Groovy Retrospective: An Addendum - Memory usage & PermGen

I can't really have a Groovy retrospective without mentioning memory.

Over the last four years I have spent more time than any sane person should have to investigating memory leaks in production Groovy code. The dynamic nature of Groovy, and it's dynamic meta-programming presents different considerations for memory management compared to Java, simply because perm gen is no longer a fixed size. Java has a fixed number of classes that would normally be loaded in to memory (hot-reloading in long living containers aside), where as Groovy can easily change or create new classes on the fly. As a result, permgen GC is not as sophisticated (pre moving permgen to the normal heap anyway) and largely in Java if you experienced an Out-Of-Memory permgen exception then you would just increase your permgen size to support the required number of classes being loaded by the application.

To be fair, the majority of the problems encountered were due to trying to hot-reload our code coupled the setup of the application container (in this case tomcat) and having Groovy on the server classpath rather than bundled with the application (much like you wouldn't bundle Java itself with an application, however, bundling Groovy with your application is recommended).

A couple of points of interest, if you are considering Groovy (especially relevant in a long running process where you attempt to reload your code):


The MetaClassRegistry

When you meta-program a Groovy class, e.g. dynamically add a method to a class,  its MetaClass is added to the MetaClassRegistry, which is a static object on the GroovySystem class. This means that any dynamically programmed class creates a tie back to the core Groovy classes.

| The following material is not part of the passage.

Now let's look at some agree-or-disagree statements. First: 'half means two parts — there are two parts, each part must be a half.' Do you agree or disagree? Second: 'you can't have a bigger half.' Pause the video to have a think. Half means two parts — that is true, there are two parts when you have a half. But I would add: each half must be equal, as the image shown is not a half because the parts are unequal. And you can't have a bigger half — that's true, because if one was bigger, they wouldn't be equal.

The main consideration to keep in mind when meta programming in a Groovy environment is that if you want to reload your classes you now have a link between your custom code and the core Groovy code so you must either 1) explicitly clear out the MetaClassRegistry; 2) reload the core Groovy classes as well (throw everything out on reload)

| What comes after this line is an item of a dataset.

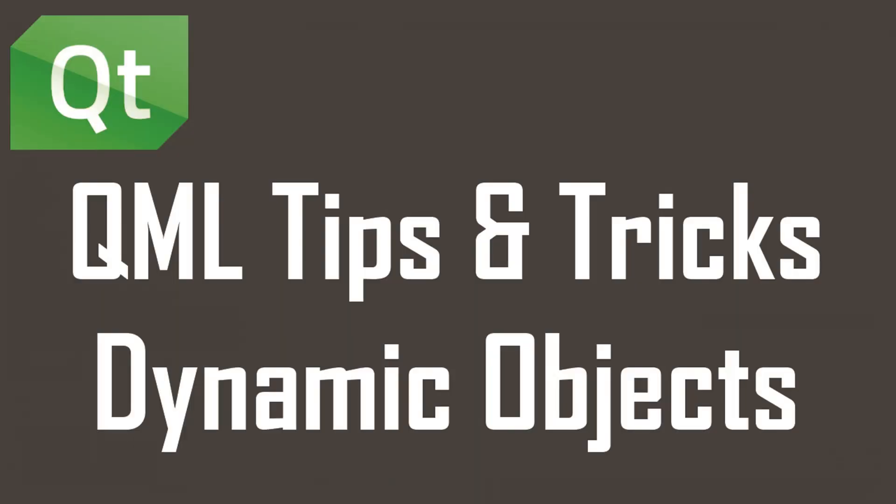Hi, I'm Monty, the software engineer. This is video one of Qt QML tips and tricks. In this video, we're going over how to dynamically create QML objects.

I think coming from a Java environment, where you would likely use the JAVA_HOME on the server for long running applications, it can often seem logical to have a similar server classpath entry for Groovy also - but actually, the easiest approach is to bundle the groovy classes with your application so is a normal candidate for reloading.

If you decide not to reload Groovy, you can add explicit code to clear out the registry - this is pretty simple code, but a note of warning, without just throwing everything away there are still plenty of risks that you can leave links that stop your classes being collected (which was the case for me for a long time until just making all the third party classes (groovy included) candidates to be thrown away and reloaded.  Even with throwing away all third party libraries you can still be caught out if you use shutdown hooks (e.g. jvm shutdown hook to clean up connections will tie your classes back to your underlying JRE, meaning that no classes can be collected until you restart your application!)

Anyway, above is code to clear the registry, it assumes you have access to the GroovyClassLoader, but you can also follow the same approach by just grabbing the MetaClassRegistry from any arbitrary Groovy class and iterate through that. Give it a try, if you play around a little you will probably find its quite easy to create a leak if you want to!


Anonymous Classes

Another thing to keep in mind in Groovy applications is the generation of classes by your application. As you would expect, as you load in Groovy classes to your application they will be compiled to class files (or if you are pre-compiling into a JAR or something) which will be added to PermGen. However, in addition to this, your code being executed may also result in additional (possibly anonymous) classes also being created and added to PermGen - so without care, these can start to fill up that space and cause OOM exceptions (although generated classes will often be very little, so might take a while before it actually errors).

An example of what might do this is loading Groovy config files - if you are loading sensibly and just doing it once then it won't be an issue, but if you find yourself re-loading the config every request/execution then it can keep adding those to PermGen.  Another example of where this happens (surprisingly) is if you are using Groovy templating. Consider the following code:

(Taken from the SimpleTemplateEngine JavaDocs)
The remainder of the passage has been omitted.